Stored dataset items

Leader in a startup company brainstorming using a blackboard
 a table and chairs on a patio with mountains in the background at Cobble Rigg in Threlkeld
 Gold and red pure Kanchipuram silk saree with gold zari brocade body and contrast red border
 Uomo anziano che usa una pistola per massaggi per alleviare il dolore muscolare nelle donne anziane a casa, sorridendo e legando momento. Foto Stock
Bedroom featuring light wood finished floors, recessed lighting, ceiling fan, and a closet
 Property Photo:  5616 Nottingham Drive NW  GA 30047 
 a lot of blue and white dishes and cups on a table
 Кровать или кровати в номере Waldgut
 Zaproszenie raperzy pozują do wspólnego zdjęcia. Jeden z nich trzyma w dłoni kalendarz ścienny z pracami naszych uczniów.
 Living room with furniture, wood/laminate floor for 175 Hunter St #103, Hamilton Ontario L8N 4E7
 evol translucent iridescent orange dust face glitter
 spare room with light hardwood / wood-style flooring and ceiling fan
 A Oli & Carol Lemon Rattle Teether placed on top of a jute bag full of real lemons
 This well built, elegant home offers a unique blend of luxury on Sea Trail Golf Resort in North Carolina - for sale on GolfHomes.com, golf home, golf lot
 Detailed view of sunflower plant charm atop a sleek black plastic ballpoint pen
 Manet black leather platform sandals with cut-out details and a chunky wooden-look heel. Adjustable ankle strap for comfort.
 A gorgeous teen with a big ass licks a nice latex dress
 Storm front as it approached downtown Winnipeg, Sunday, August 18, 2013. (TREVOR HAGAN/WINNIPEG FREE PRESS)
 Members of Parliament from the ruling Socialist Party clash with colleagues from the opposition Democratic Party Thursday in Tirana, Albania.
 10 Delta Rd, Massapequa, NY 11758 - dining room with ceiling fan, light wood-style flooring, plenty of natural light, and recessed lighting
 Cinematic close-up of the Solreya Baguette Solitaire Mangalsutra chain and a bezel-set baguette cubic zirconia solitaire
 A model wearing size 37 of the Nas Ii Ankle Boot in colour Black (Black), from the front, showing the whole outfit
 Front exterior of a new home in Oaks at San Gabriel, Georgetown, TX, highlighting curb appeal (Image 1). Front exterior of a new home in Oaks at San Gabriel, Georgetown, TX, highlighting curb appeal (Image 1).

TO DO
Up to and including the line with "Gold and red", restate the records above word for word from the very first line.

WRITTEN REPLY
Leader in a startup company brainstorming using a blackboard
 a table and chairs on a patio with mountains in the background at Cobble Rigg in Threlkeld
 Gold and red pure Kanchipuram silk saree with gold zari brocade body and contrast red border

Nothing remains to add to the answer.